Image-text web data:
____
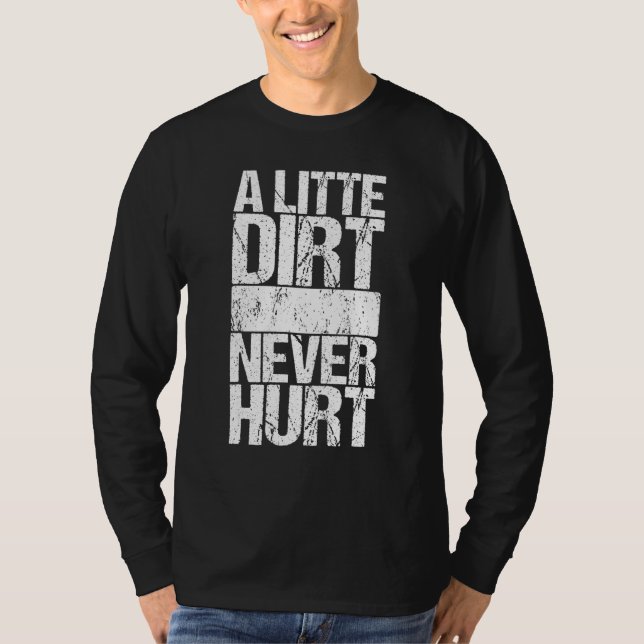 Camiseta Un poco de suciedad nunca duele (Anverso)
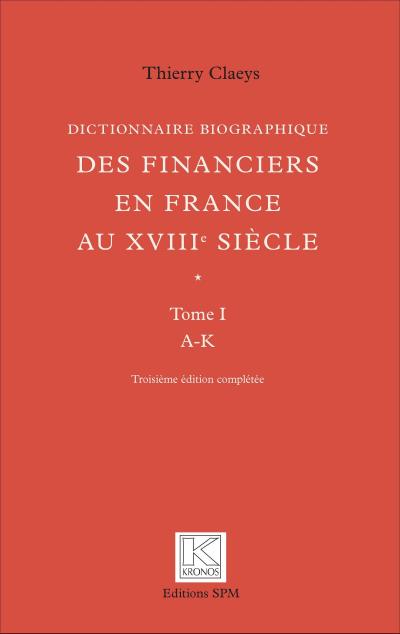Dictionnaire biographique des financiers en France au XVIIIe siècle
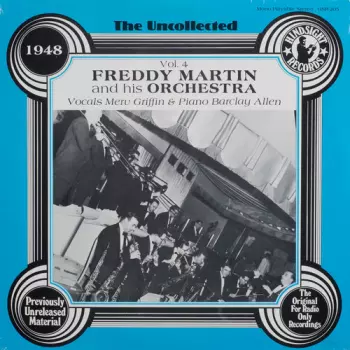 Freddy Martin And His Orchestra: The Uncollected Freddy Martin, Vol. 4, 1948
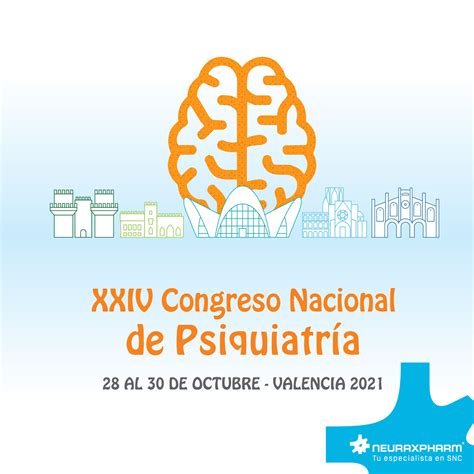 Neuraxpharm Spain On Twitter Hoy Comienza El Xxiv Congreso Nacional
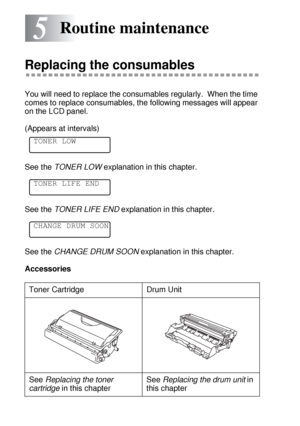 Page 1505 - 1 ROUTINE MAINTENANCE
5
HL7050_US_UG_FM5.5
5Routine maintenance
Replacing the consumables
You will need to replace the consumables regularly.  When the time 
comes to replace consumables, the following messages will appear 
on the LCD panel.
(Appears at intervals)
See the TONER LOW explanation in this chapter.
See the TONER LIFE END explanation in this chapter.
See the CHANGE DRUM SOON explanation in this chapter.
Accessories
Toner Cartridge Drum Unit
See Replacing the toner 
cartridge in this...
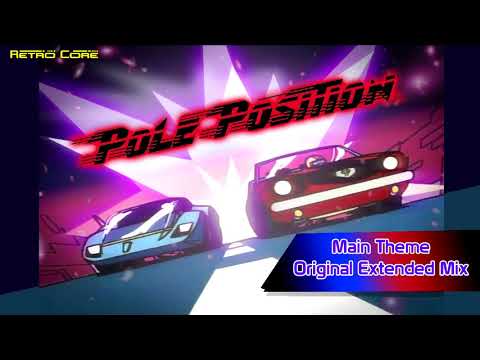 Pole Position - Main Theme - Original Retro Core Extended Mix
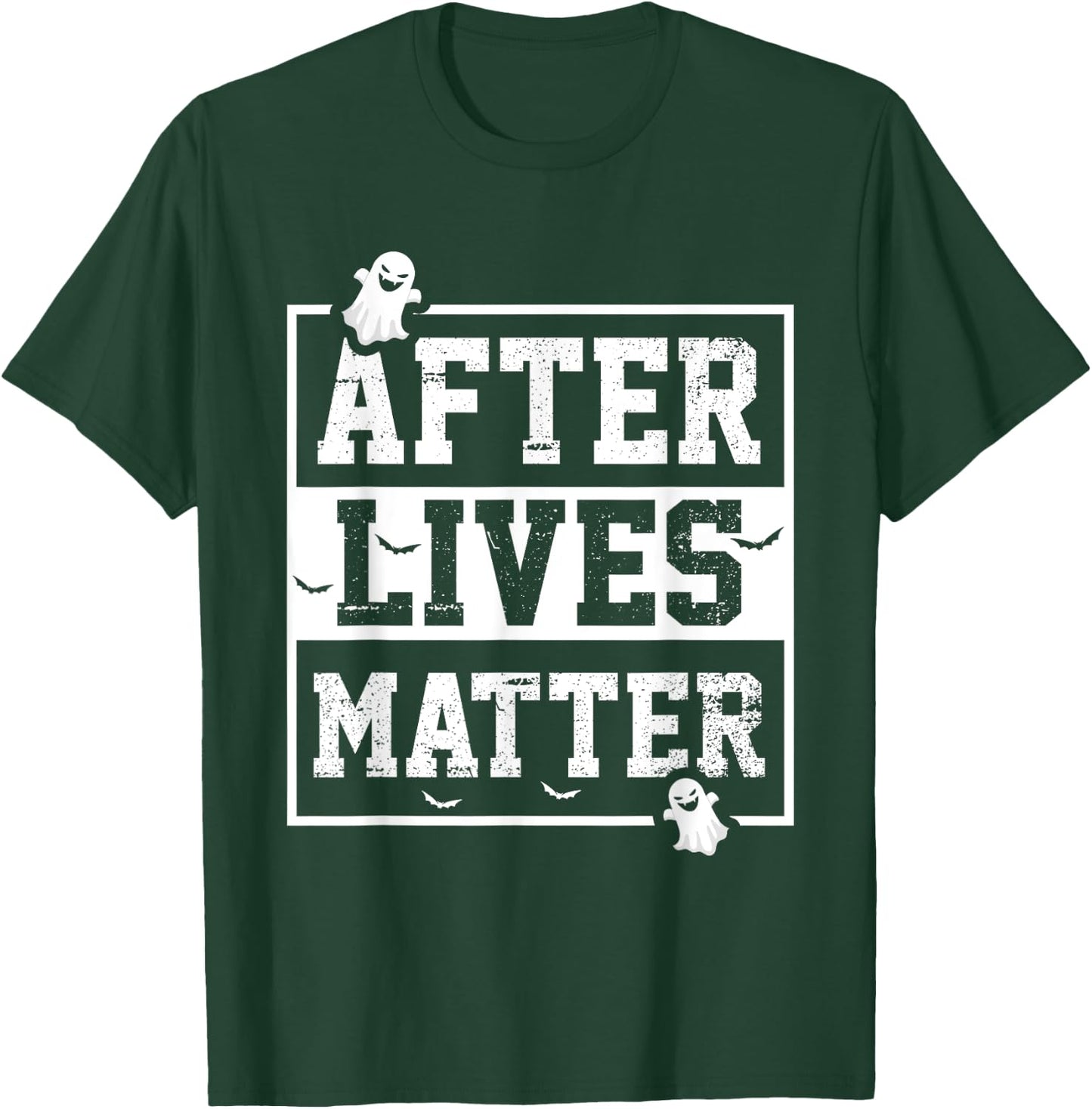 Funny After Lives Matter Ghost Hunting Halloween Poltergeist T-Shirt - T-Shirt | Forest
____
Task instructions: Tell me how many lines in the entries contain the string "replace", and give nothing besides that number.

Written solution: 2